A pergunta sobre querer ou não ter filhos recai majoritariamente sobre as mulheres por várias razões, entre elas o fato de que os homens são eternos pais potenciais.
Em cada ejaculação ocorrida numa relação com uma pessoa que pode engravidar (sendo ambos férteis), existe a possibilidade de um filho, mesmo que o homem só venha a sabê-lo anos depois. Além disso, um senhor de 80 anos pode engravidar a companheira e existem casos de inseminação post mortem.
Assim, a paternidade biológica está sempre colocada no horizonte dos nascidos sob a égide dos cromossomos XY, enquanto quem é XX tem uma janela de oportunidade bem estreita com a qual lidar.
Gestar e parir ocupa um pouco mais de dois anos na vida de quem engravida, se incluirmos a dedicação ostensiva que o aleitamento exige. Não seria o caso de que o jogo virasse depois do parto e a coletividade comparecesse para cumprir sua parte no cuidado com as próximas gerações? É assim que se dá em inúmeras comunidades tradicionais nas quais a puérpera é poupada de qualquer tarefa, exceto a de amamentar.
A frase “não posso ter filhos” dificilmente é utilizada para falar de um impedimento financeiro ou psíquico.
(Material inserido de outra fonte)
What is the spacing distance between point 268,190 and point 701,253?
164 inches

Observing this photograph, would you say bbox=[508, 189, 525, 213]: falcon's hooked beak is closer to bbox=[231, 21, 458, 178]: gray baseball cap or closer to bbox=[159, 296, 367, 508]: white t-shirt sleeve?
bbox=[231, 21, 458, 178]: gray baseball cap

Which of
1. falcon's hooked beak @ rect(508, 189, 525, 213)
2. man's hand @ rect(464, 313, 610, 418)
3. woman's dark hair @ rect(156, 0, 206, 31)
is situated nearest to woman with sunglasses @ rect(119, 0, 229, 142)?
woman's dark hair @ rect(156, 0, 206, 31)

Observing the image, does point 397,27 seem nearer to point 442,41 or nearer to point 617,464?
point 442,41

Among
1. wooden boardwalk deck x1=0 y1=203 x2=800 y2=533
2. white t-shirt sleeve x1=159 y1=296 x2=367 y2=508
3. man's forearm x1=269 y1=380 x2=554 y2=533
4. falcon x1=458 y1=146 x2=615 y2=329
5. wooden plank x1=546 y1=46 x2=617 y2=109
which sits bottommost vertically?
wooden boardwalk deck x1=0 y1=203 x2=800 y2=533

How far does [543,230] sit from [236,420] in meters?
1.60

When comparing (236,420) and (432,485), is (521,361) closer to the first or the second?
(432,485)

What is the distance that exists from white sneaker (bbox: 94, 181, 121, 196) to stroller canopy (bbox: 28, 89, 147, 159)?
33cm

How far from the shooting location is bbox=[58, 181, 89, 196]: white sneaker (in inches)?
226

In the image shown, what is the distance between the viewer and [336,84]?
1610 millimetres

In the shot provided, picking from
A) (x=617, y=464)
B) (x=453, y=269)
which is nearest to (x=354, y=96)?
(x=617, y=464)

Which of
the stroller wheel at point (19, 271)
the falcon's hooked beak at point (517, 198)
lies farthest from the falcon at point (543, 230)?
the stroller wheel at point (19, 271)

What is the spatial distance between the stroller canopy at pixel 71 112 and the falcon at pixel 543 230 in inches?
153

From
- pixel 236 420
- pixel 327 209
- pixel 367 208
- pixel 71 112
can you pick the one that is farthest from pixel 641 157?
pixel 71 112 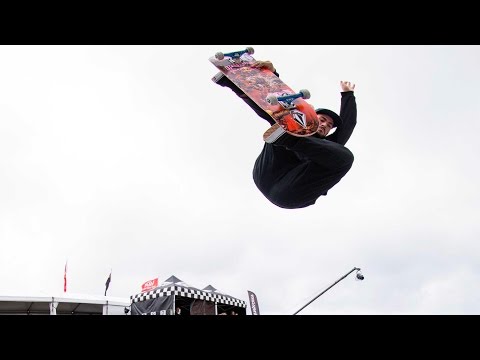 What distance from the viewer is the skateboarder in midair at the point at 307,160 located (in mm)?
3215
Ela desconsidera a adoção como via para a parentalidade, revelando nossa fantasia biologizante. Mas não é só sobre os meios pelos quais temos filhos que se trata a injustiça reprodutiva. “Matheus” precisa ser embalado depois que chega e, nesse quesito, pais e mães estão separados por um abismo social, político e econômico.
Nossa sociedade, baseada na exploração, dobra a aposta e coloca quem pariu para cozinhar, lavar, limpar e cuidar sozinha de quem nasceu. Não raro, essa pessoa se encontra recém-operada e é a única provedora financeira da família. No Brasil, só em 2024, 153 mil crianças foram registradas sem o nome do pai na certidão.
Com tudo isso, é notório que as mães permanecem ao lado dos filhos mesmo em situações que concorrem com sua própria sobrevivência, enquanto homens os abandonam por motivos fúteis. O que as levaria a uma escolha tão estoica?
Elenco algumas razões aqui: a pressão social que confunde mulher com maternidade e pune as que não se ocupam da prole; do outro lado da mesma moeda, o prestígio de ser considerada uma boa mãe e, portanto, subentendida como uma boa mulher. Mas existe uma outra razão, mais profunda e igualmente digna de reflexão. A ética as impede de fazer o que muitos homens fazem, pois há muito as mulheres sabem que o cuidado é a verdadeira revolução. Como todos podemos testemunhar, uma sociedade baseada na competição se autodestrói.
Muitas mulheres e homens que entendem a centralidade do cuidador estão lutando pelo PL 3.773/2023, conhecido como “PL do Pai Presente”, que propõe o aumento da licença-paternidade, de míseros cinco dias para 30.
O estudo “Licença-paternidade: as vantagens da ampliação“, feito pela Fundação Maria Cecilia Souto Vidigal, revela que sociedade, empresas e Estado têm muito a ganhar com a medida, que reconhece a importância da presença paterna desde o início da vida.
A “PL do Pai Presente” entra nesta conversa como busca pela reparação histórica da ausência dos homens na tarefa de sustentar a vida, para além dos bens materiais.